Montero didn’t know English when he signed with the Diamondbacks as a teenager out of Venezuela. But by the end of his rookie-ball season in Missoula, Montana, he had picked up enough of the language to become a translator for teammates.
That didn’t mean Montero understood everything in 2002. But he wasn’t afraid of asking questions or making mistakes or somebody laughing at him. He’s also just naturally talkative.
As manager Joe Maddon said: “He’s not afraid to voice his opinion.”
So while Montero probably had a few ideas about the three-catcher experiment, he made sure to talk with Welington Castillo after this week’s trade with the Seattle Mariners and say good luck.
“Obviously, it was tough,” Montero said. “I tried to handle it as best as possible. I’m trying to be the best teammate as possible around here. But at the same time, as a player, you want to be (in your rhythm).
“You try to be as professional as you can. And when you’re in there, you’re trying to help them win, regardless. Right now, you got to adapt again.”
David Ross is still Jon Lester’s personal catcher.

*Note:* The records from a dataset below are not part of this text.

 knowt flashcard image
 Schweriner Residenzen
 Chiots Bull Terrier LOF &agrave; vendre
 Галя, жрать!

So when the Diamondbacks awkwardly flashed a “Welcome Back” message on Chase Field’s video board during Friday’s game, Montero had just finished catching warm-up pitches from Lester in between innings.
If Montero could write out the lineup, he would probably want to be in there 162 times this year. Baseball allowed him to have a dream house in nearby Paradise Valley, so he believes you should respect the game and play hard all the time.

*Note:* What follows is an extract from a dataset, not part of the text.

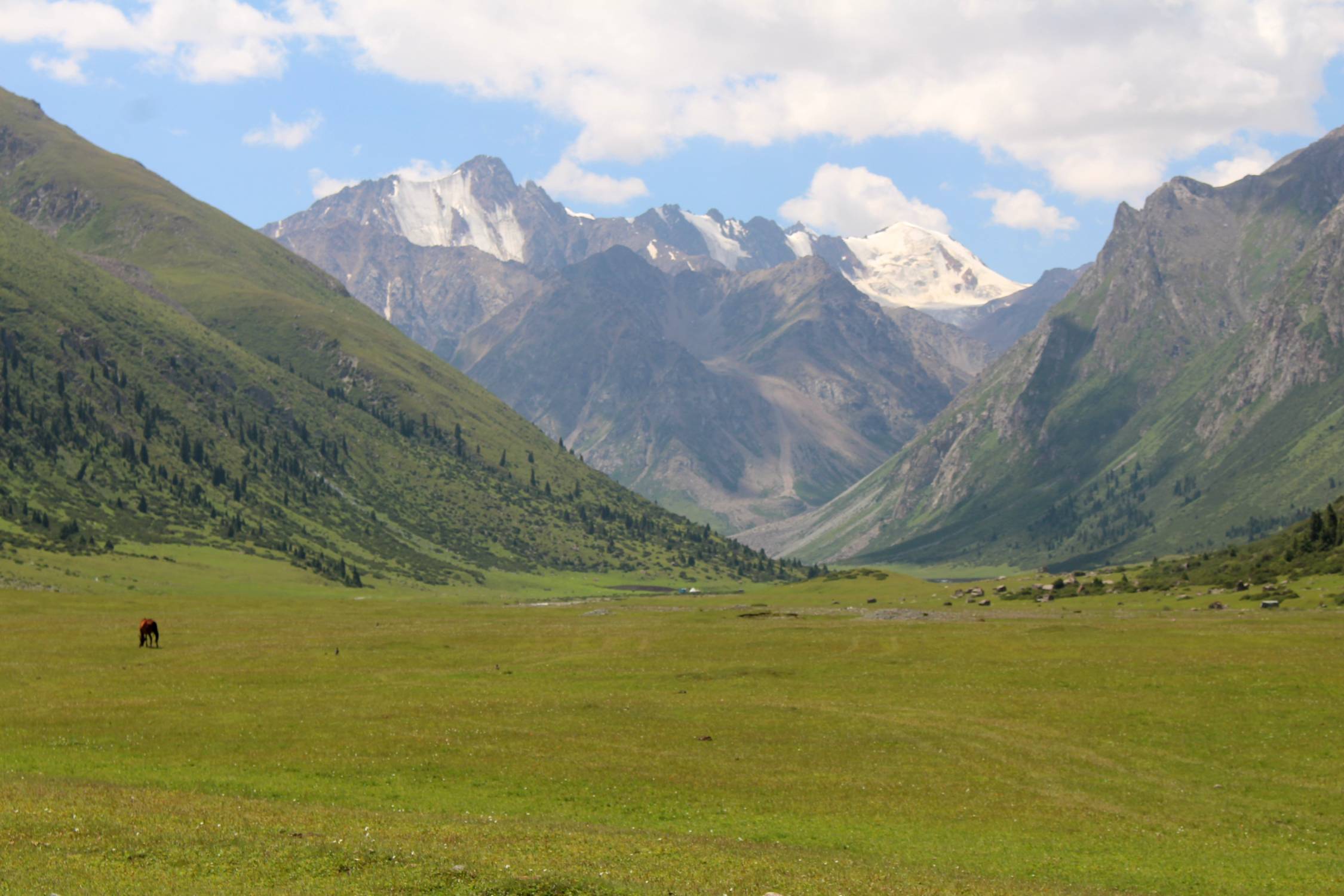Vall&eacute;e de Turgen Jailoo, paysage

Montero, who will turn 32 this summer, earned two All-Star selections with the Diamondbacks and became the only major-league catcher to account for 1,000-plus innings in each of the last four seasons.
The Cubs hope some extra rest will help prevent Montero from feeling the same second-half fade as last season (.596 .OPS, or 164 points lower than what he put up before the All-Star break).
“He’s not 21 years old anymore,” Maddon said. “(Don’t) run him into the ground, he’s going to play a lot better.”
Montero is hitting .280 with four homers and 15 RBI through 34 games. He’s getting on base around 40 percent of the time and putting up an .852 OPS.
“This is baseball,” Montero said. “It comes and goes sometimes. I’ve been feeling pretty good hitting-wise. There’s going to be that period of time where you’re going to stink.
“You just got to go through that and try to get out of it as soon as possible. But it’s part of the game. You have ups and downs.”
[NBC SPORTS SHOP: Get your Cubs gear right here]
Rondon is going through that now after his third blown save. The Cubs absorbed the three years and $40 million left on Montero’s contract because they wanted his presence.
Montero had already approached Rondon on Wednesday night at Petco Park, going to the mound to talk to the closer after he gave up a leadoff single in the ninth inning of an eventual 3-2 win over the San Diego Padres.
“What I’ve been seeing is when he gets runners on, the game speeds up (and gets) too fast for him,” Montero said. “So that’s what I was telling him: Hey, you know what, that’s when you got to slow the game down. That’s when you got to step out of the box, step off the mound and take your breather.
“Slow everything down. Because (his) heart rate – he was just flying right there. (He) really doesn’t want to let that run score. He just tries to do too much. And that’s when I say: Back it off. Try to make a good pitch rather than a nasty pitch.
“After the game, I told him: You need to slow yourself down, because when you don’t have anybody on base, you can see the quality of the pitches. When you got runners on base, you start flying open, you start missing – by far – the strike zone. So that’s when you got to slow down and just concentrate on making good, quality pitches.”
The Cubs hope the message sinks in this time.